I had hooked up with my coach with the idea of breaking out
of a training rut and elevating my workouts. The status quo wouldn’t work
anymore and it was time to both demonstrate and commit to that.
This morning, two-plus months since that day, I trotted to a
walk and pulled up at the bottom of our stairs to unlace the house key from my
shoes. I took a pull on my water bottle, still filled near to the brim, and gave
a little shrug. Six miles felt so unsatisfying. But such is the dilemma of the tapering
runner.
I sat down to a too-big breakfast and logged my measly miles
for the day both in the Google Doc I share with my coach and the online running
log I also keep. To reassure myself that it was in fact ok to turn in less than
double digits, I scrolled back through the neat rows and blocks of miles that
represented the proverbial “hay in the barn” that would mark my build up to
next week’s Boston Marathon.
Beyond that January 22 run, I zeroed in on the week of March
4, the first full week of the month. If ever there was a monster month in my
marathon training, this was it. I had just come off of being sick for four days
and wasted little time getting back into the swing of things. That week kicked
off what would be the first of three consecutive 80+ mile weeks.

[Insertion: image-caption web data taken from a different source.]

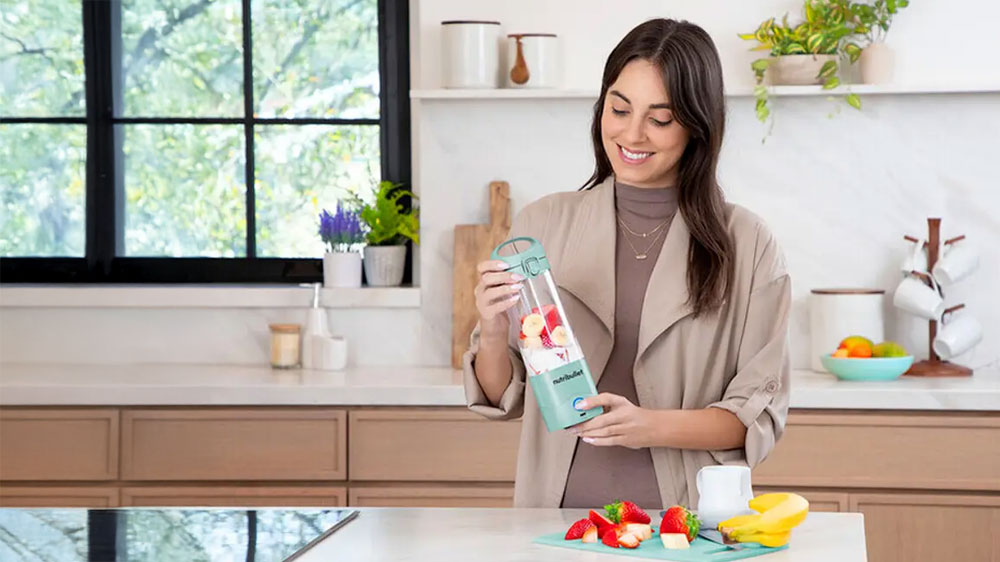 Žena pripravujúca si smoothie v mixéri Nutribulet Portable NBP003LBL_02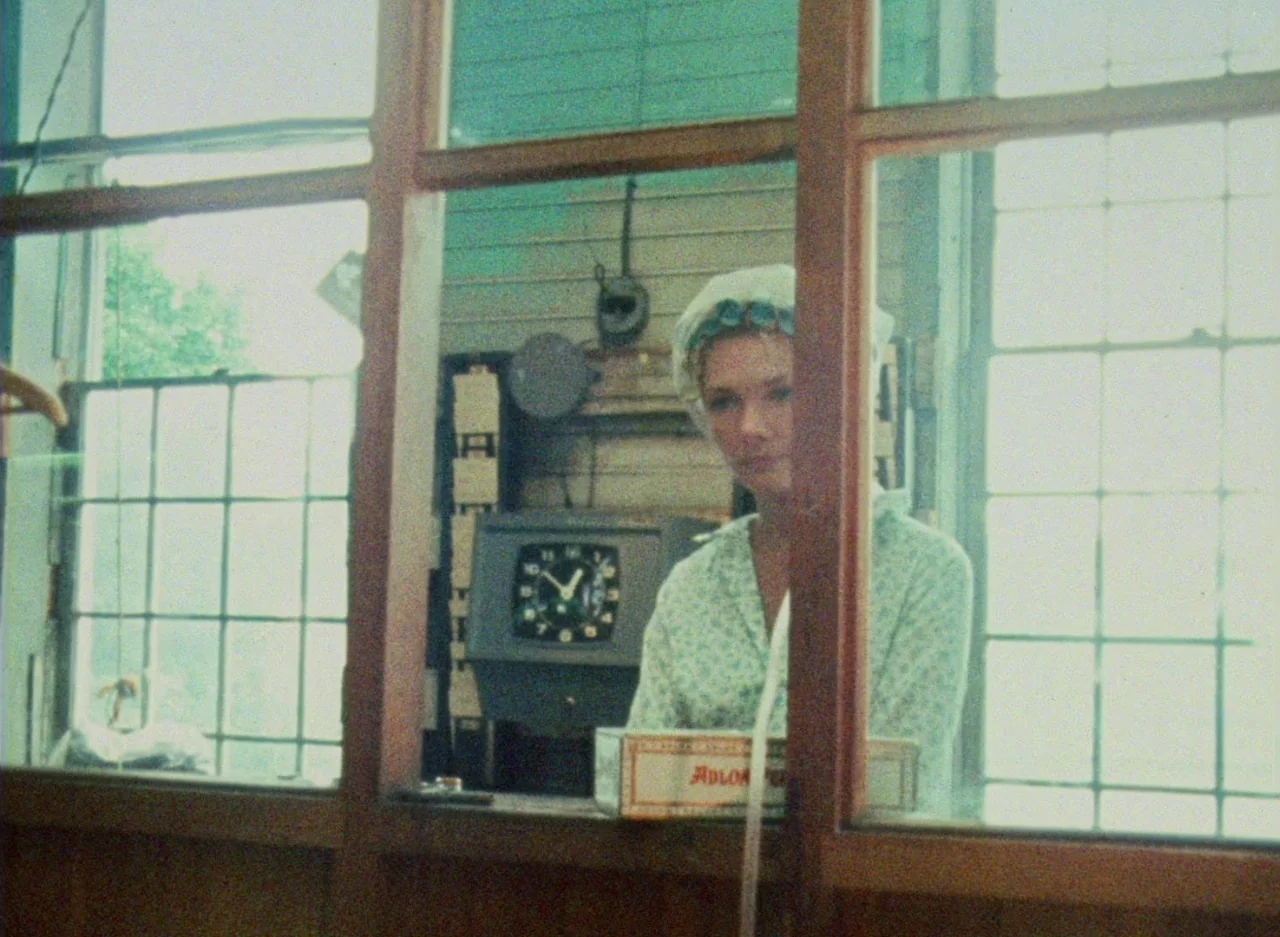 Wanda (1970) movie still: medium — A woman wearing a head covering sits behind a glass partition in a workspace. A vintage wall clock and a small…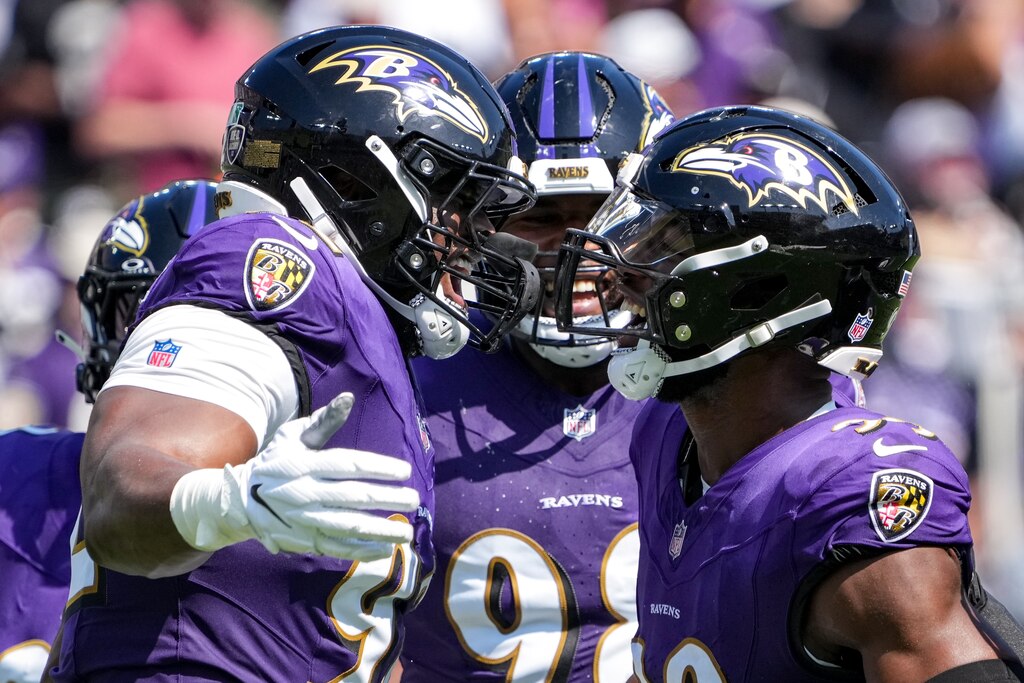 Baltimore Ravens linebacker Odafe Oweh (99), right, celebrates with defensive tackle Nnamdi Madubuike and other teammates after sacking Las Vegas Raiders quarterback Gardner Minshew during a game at M&T Bank Stadium in Baltimore on Sunday, September 15, 2024.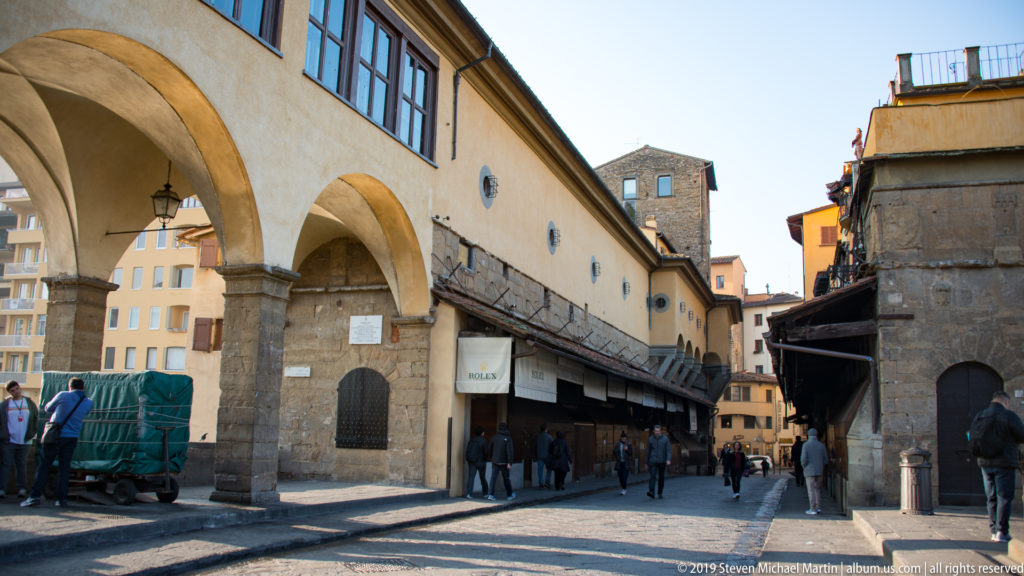 Arcaded ochre building with shops, pedestrians, stone piers, and a masonry tower near the approach to Ponte Vecchio.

I drifted through days, only feeling truly energized for the
70-90 minutes I ran in the morning, collecting sunsets, split knuckles from the
wind, and clearing the remnants of illness from my lungs at stoplights. Each
week I reported in to my coach and he buoyed my spirits as I lamented about how
hard it was to peel myself off the couch just to go up to bed on Thursday
nights. “You sound like a marathoner in training,” he said as we shared a
laugh.
And so it went. The days and weeks turned over and I wore
the rubber off the soles of my shoes and the excess fat from my bones. When
finally, the last 80 mile week (318.5 miles for the month) was behind me and I
strode confidently into a down week and now into this taper.
Readers of my blog know that the training image I like to
use is one my Uncle passed along a few years back, and it’s that of fashioning
a sword in your training. The idea being that the base miles are the sword
itself and the speed work delivers the slippery, sharp edge. I still have the
race to run, and fully recognize that there are no guarantees on race day,
particularly in the marathon. But when I look back at the last four months and
where I stand today, I know that when I toe the line next Monday, I’ve got a
big god damn sword and I’m ready to unsheathe it.
Well, that would be why you've been quiet, blogwise, lately. Good luck!